Welcome to the cruel world, India
Published: Feb 20, 2009
No longer is India just a cost-cutting haven for back-office and IT functions and call centers. Having grown well beyond its original iteration as the go-to source cheap labor, it looks like India is really starting to get a taste of what it's like to run with the big dogs. Unfortunately, in these days, that just means the country's companies and markets are feeling the sluggish effects of the global recession. You know you've made it when ?

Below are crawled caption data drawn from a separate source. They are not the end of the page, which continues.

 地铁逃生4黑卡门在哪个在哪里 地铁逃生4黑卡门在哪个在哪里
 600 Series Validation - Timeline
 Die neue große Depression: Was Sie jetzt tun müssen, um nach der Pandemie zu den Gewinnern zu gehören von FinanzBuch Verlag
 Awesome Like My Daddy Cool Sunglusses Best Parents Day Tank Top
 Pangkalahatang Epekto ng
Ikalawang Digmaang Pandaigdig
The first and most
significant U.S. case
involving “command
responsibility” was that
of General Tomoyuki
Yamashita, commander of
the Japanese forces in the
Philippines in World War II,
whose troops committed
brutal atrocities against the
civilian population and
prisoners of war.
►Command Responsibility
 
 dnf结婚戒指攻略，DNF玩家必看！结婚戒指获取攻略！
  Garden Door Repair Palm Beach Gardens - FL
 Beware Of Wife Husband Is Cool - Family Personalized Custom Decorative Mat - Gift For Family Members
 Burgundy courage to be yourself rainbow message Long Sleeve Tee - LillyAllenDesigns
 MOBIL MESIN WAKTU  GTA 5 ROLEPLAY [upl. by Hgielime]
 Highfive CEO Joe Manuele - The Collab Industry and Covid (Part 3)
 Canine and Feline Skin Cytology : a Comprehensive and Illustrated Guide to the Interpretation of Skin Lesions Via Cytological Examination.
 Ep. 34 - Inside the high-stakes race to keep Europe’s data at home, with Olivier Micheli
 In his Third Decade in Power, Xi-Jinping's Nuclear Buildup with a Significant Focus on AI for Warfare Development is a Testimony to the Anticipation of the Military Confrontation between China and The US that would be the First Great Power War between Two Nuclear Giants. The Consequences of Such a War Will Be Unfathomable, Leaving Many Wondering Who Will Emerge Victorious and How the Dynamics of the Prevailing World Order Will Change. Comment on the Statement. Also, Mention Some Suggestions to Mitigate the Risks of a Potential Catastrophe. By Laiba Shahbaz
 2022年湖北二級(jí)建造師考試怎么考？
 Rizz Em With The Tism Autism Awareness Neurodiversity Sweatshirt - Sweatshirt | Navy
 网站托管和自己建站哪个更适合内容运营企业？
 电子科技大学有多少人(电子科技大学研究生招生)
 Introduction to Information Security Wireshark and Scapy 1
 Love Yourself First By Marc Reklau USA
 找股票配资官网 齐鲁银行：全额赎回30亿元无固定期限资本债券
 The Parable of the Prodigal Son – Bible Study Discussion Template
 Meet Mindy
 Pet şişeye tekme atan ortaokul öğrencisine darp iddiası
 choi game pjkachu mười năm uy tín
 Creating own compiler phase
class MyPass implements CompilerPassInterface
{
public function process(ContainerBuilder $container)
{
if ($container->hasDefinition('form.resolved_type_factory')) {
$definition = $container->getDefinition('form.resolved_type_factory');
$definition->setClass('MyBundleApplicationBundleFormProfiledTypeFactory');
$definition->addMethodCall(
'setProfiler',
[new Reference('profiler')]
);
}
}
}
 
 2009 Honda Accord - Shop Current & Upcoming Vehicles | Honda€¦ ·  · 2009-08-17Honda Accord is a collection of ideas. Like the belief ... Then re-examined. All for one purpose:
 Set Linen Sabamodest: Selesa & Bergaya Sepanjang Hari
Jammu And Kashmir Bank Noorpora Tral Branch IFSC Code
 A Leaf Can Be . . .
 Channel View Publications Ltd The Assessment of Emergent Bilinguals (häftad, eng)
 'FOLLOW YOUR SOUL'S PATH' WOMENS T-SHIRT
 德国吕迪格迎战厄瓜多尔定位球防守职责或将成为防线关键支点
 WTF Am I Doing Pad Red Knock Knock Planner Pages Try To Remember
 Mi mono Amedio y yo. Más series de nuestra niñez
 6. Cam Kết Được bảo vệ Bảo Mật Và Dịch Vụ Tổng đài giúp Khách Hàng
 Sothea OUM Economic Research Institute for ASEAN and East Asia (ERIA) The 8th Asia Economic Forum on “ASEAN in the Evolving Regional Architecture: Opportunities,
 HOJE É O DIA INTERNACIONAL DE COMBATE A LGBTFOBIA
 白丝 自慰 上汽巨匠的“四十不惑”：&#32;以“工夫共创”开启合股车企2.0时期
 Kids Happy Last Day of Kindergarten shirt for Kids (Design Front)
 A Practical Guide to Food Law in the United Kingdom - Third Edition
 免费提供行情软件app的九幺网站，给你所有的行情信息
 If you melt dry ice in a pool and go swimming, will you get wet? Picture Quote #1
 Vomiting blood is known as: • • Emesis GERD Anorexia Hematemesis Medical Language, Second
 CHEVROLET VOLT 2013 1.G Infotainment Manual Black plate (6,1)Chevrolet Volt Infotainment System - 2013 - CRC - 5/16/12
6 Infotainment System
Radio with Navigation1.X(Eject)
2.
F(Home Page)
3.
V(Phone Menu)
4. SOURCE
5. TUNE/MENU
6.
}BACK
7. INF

Markets in India are showing a slowdown as investors are starting to worry that the downturn will last longer than expected (and recovery not as swift), with technology and blue-chips hitting a low point today. And the falling stock prices of Indian tech giants Tata, Infosys and Wipro aren't providing any glimmers of hope for the near future. On top of that, it seems that some of those tech biggies are on the brink of some cuts themselves (though they'd probably never admit as such). Tata has put about 1,000 employees on "performance improvement plans," following Infosys' lead, after it put 2,000 of its own on a similar regimen. Apparently, TCS claims it puts employees on a performance improvement plan every year?that may be so, but in tough times, it would certainly be a greater percentage of employees under the lens, or maybe even a tougher gauntlet they're forced to run through to prove themselves.
But India's still doing well, relatively speaking. Although TCS and Infosys are closely monitoring performance, 1,000 and 2,000 employees, respectively, is still a fairly small percentage of the overall company. And, according to a report by Hewitt Associates, 60 percent of companies in India are still hiring and recruiting, while only 12.6 percent of companies are pursuing layoffs (though the study points out that that figure likely will rise). Apparently about 37 percent of companies have undertaken a hiring freeze. Furthermore, while India has certainly risen in the ranks over the past few years, it still remains a lower-cost option for international corporations. So it's not entirely unusual to hear of companies planning to boost their numbers in India in the near future. Capgemini, for instance, has said that it plans to double its staff in the country to 40,000 by 2010.
Another sign that a country has arrived on the global economic stage? Corporate greed and corruption?and Satyam's certainly filled that role well. With every day bringing a bit more drama to the story, India's Economic Times reported yesterday that some Satyam senior execs are trying to sabotage the struggling company (as if it didn't have enough to worry about) by funneling work to rival companies and cutting deals with customers nervous about the firm's future. At this point, two of the executives have been identified, but they did not reveal how many others are involved. Sounds like a job for Jack Bauer.